Every voter roll must be run through the SAVE database – the DHS citizenship verification tool that already screens applicants for federal benefits.
Poll workers must have their citizenship verified through an approved federal database.
States must conduct mandatory election audits using procedures developed under the Trump administration, not their own legacy processes.
Ballots received after Election Day will not count.
And states must submit compliance plans to federal authorities certifying they are meeting the requirements.
About 30% of American voters currently live in jurisdictions that rely entirely on ballot-marking devices or electronic recording systems – places like Delaware, Georgia, Nevada, South Carolina, and Los Angeles County.
All of them are going to have to make a choice.
The Senate Handed Trump No Other Option
The SAVE America Act was straightforward: show proof of citizenship to vote, purge noncitizens from voter rolls, and create criminal penalties for officials who refuse to enforce the law.
The House passed it.
Trump called it his top legislative priority.
And Senate Republicans blocked it – twice.
John Thune admitted publicly that some of his members hated Trump too much to vote for it.
So the administration went to the only tool it had left: the federal checkbook.
This is not a new playbook.
The Trump administration used DHS grant conditions to pressure states on immigration compliance.

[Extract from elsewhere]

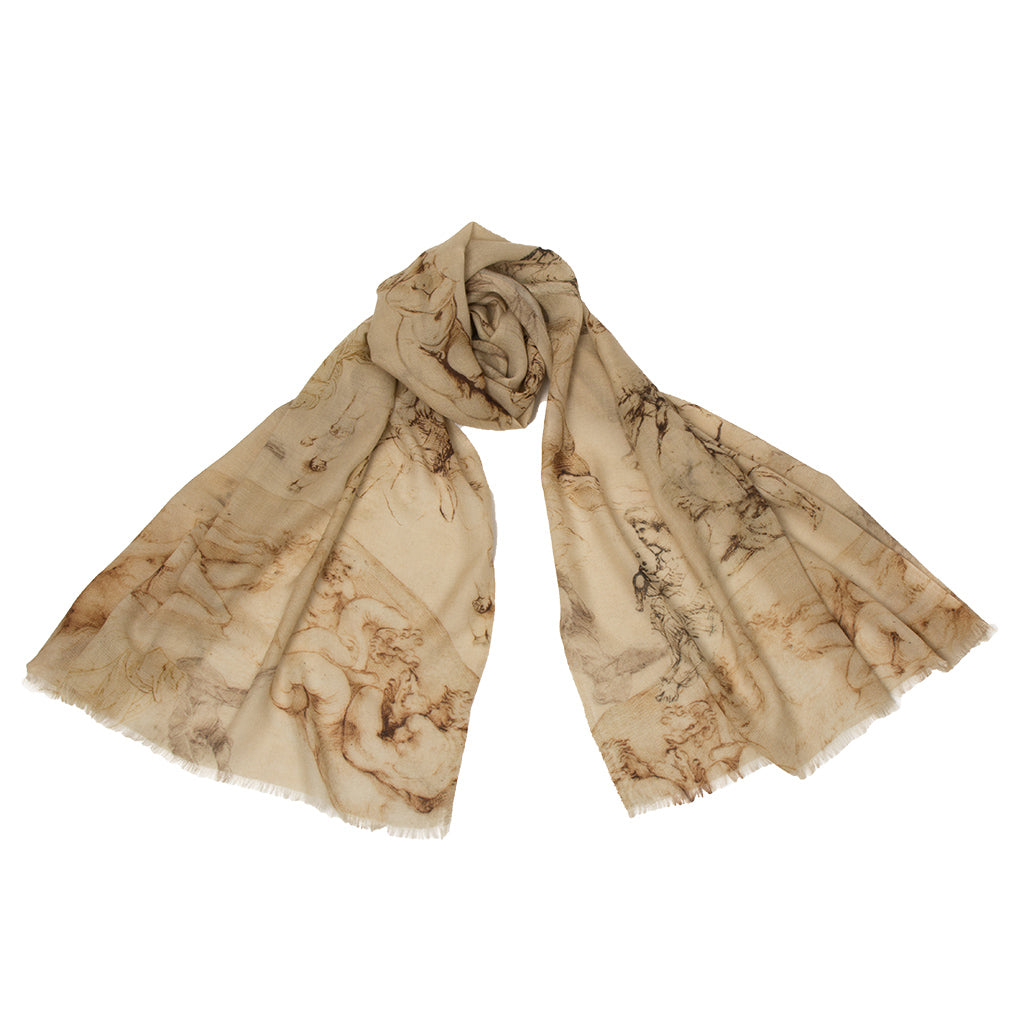 Tied scarf featuring Raphael Angels on a neutral background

It attempted to tie population count updates to deportation data.
Every time Democrats and their Republican allies in the Senate blocked a legislative fix, the executive branch found a funding mechanism to accomplish the same goal.

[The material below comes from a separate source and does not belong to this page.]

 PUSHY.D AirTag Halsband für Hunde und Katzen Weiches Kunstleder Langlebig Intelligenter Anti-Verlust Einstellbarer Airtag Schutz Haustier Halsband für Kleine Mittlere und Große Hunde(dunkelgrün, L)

The election integrity version is the biggest yet.
This Is What Winning Looks Like
Democrats are furious.
They will argue in court – and they will almost certainly sue – that the federal government cannot constitutionally dictate how states run elections.
They argued the same thing about the 2025 executive order, and federal judges blocked portions of it.

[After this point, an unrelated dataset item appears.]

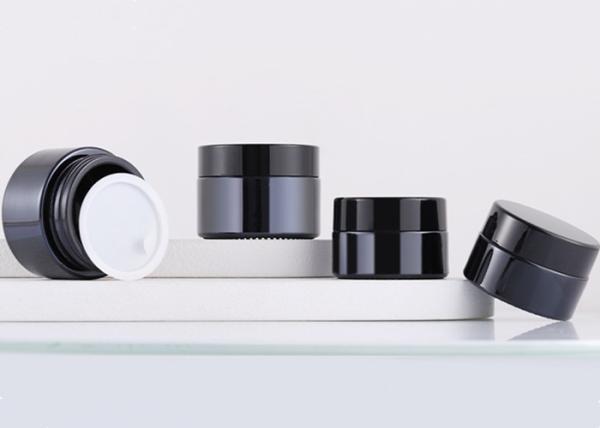 Black 20g 30g 50g Luxury Skincare Glass Jar Cosmetic Face Cream Jar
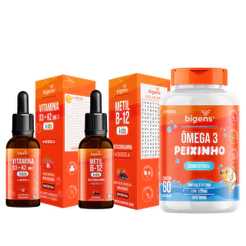 Kit Vitaminas Kids Bigens D3 + K2 MK7 Morango + Metil B12 Frutas Vermelhas + Ômega 3 Peixinho Infantil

But here is what the left doesn't want you to notice: the administration isn't trying to dictate election outcomes.
It is requiring paper ballots that voters can physically verify, citizenship screening through a federal database that already exists, and audits that produce results the public can actually see.
Germany requires paper ballots.
Canada requires paper ballots.
India ties voter ID to a biometric database.
The United States – the country that invented self-government – has been running elections on systems that produce QR codes nobody can read and voter rolls nobody is allowed to audit.
Trump just changed that.
The Senate wouldn't act, so he used the lever he had.
States have until November 1 to comply.
The ones that refuse are going to have to explain to their own voters why they chose the machines over the paper – and why they needed $200 million in terrorism prevention money more than they needed clean elections.
Sources:
- Rebeka Zeljko, "Trump Admin Threatens To Pull Critical Federal Funds Unless States Adopt Election Integrity Measures," The Daily Caller, June 22, 2026.
- "Ensuring Citizenship Verification and Integrity in Federal Elections," The White House, March 31, 2026.
- "Preserving and Protecting the Integrity of American Elections," The White House, March 25, 2025.
- "Four Senate Republicans Again Unite With Dems to Block Trump's SAVE America Act," Fox News, June 2026.
- "Exclusive: Trump Administration Plans to Use Homeland Security Funds to Force States Into Election Changes," KTEN/CNN, June 22, 2026.